While they’re missing out on revenue and trying to prevent players from doing something that they’re simply going to do anyway, an announcement has come out that PayPal will no longer be processing payments for online gambling in the country.
This policy change will kick in starting in October 2019, and it’s yet another negative consequence for players as German politicians refuse to do what needs to be done to protect players in a real way instead of paying lip service to the concept.
The Schleswig-Holstein Situation
Schleswig-Holstein is the only state in Germany that has licensed the online casino industry. They have outwardly put forward statements to remind companies not to market to people from other German states because the industry is not regulated anywhere else in the country. There are some indications that these types of warnings could have led to PayPal’s upcoming policy change about processing German payments.

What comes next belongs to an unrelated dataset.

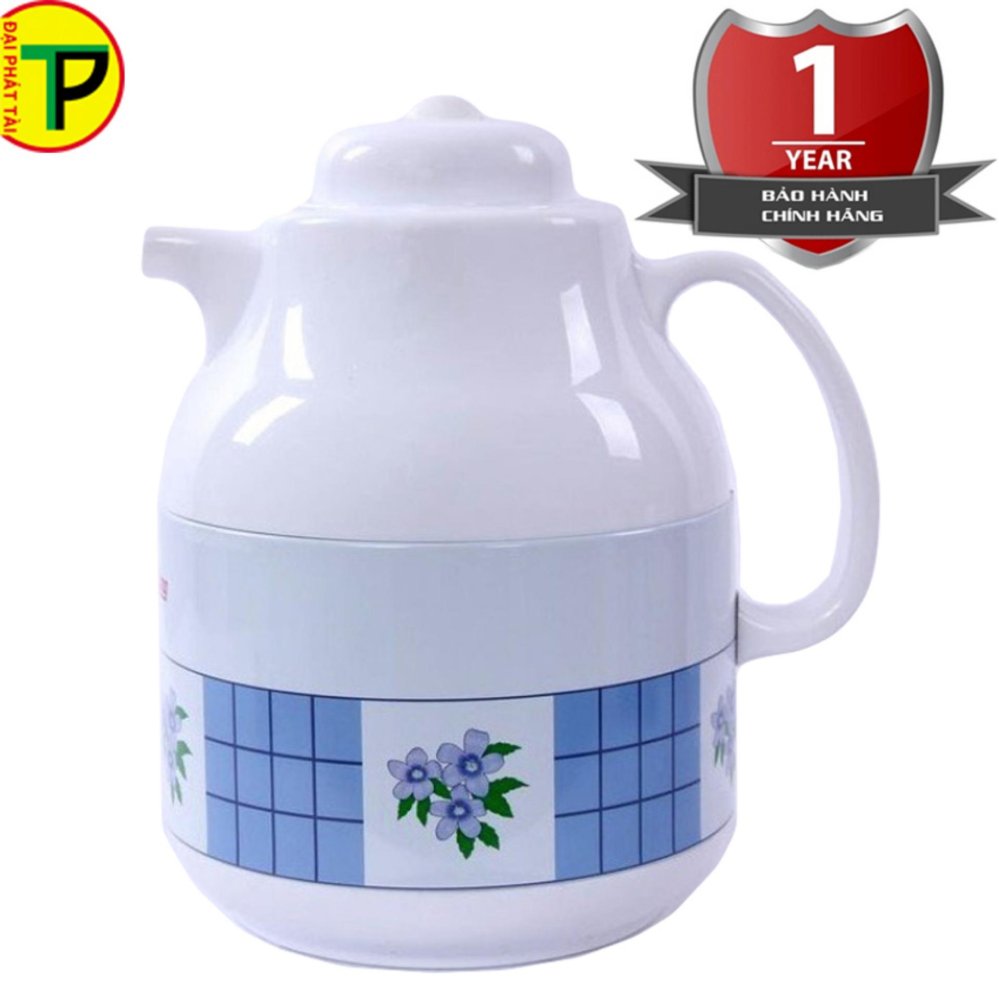 [HCM]Bình trà giữ nhiệt Rạng Đông RD-1055 TS 1 lít (trắng)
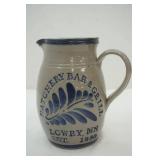 Hatchery Bar & Grill Lowry MN pottery pitcher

Lower Saxony is another state in Germany, and they were very open about how they had warned an “unidentified” major payment processor of the same. This is presumed to be PayPal.

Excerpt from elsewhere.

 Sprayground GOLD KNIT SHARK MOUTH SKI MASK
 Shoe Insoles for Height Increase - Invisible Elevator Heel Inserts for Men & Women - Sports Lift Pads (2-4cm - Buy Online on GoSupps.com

There’s no official recognition that this was the case, but unless we’re missing something major here, it seems pretty obvious what happened.
Sports Betting Regulation
Something interesting that’s happening right now is that there are 16 total German states looking to offer online sports betting licenses between now and January 2020, but there’s something interesting in the terms and conditions companies must abide by if they want in on the action: They can’t have any ties to online casinos that accept German players.

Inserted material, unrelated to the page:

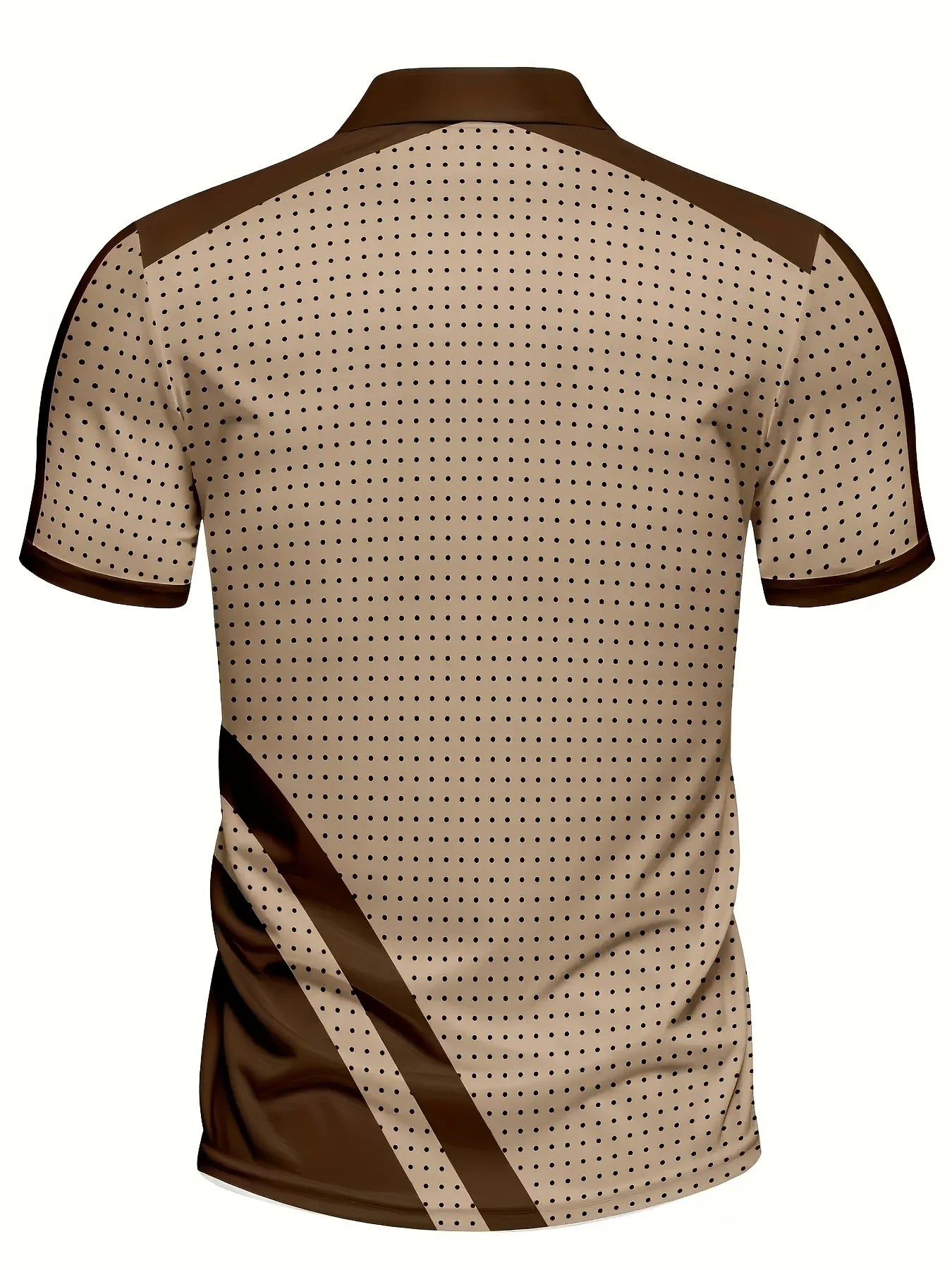Men's 3D Polka Dot Print Polo Shirt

To say that this is an interesting development is a bit of an understatement. What’s more is that there was an official session this month where hopeful operators were given information on the upcoming licensing rules and guidelines, and those rules were seen as being a bit unrealistic:
- A 5 percent tax on all gambling turnover (revenue), which is seen as particularly high.
- An enforced spending limit of €1,000 per player per month, which is generally seen as being entirely too low.
- The above mentioned severing of ties to online casino operations that accept German players in the general sense.
All of this is on top of the other regulatory guidelines they’ll have to follow like making sure that they do not accept any players on a registry of players who have self-excluded. They won’t even be able to advertise any of their online gambling operations on any level without being licensed along these lines, which makes sense.
What to Expect
We’re not sure how this is going to play out. These rules and guidelines that they’re putting on operators seems like a bit much to the point that it would be difficult for them to even be profitable in some cases. If they can’t be profitable, then they’re not going to operate there, which takes away the tax revenue that these German states could have had if they had more reasonable policies.
All of that aside, we’ll have to wait and see how things go. They’re looking at getting a countrywide agreement for online gambling by the middle of 2021, and this is a step in that direction.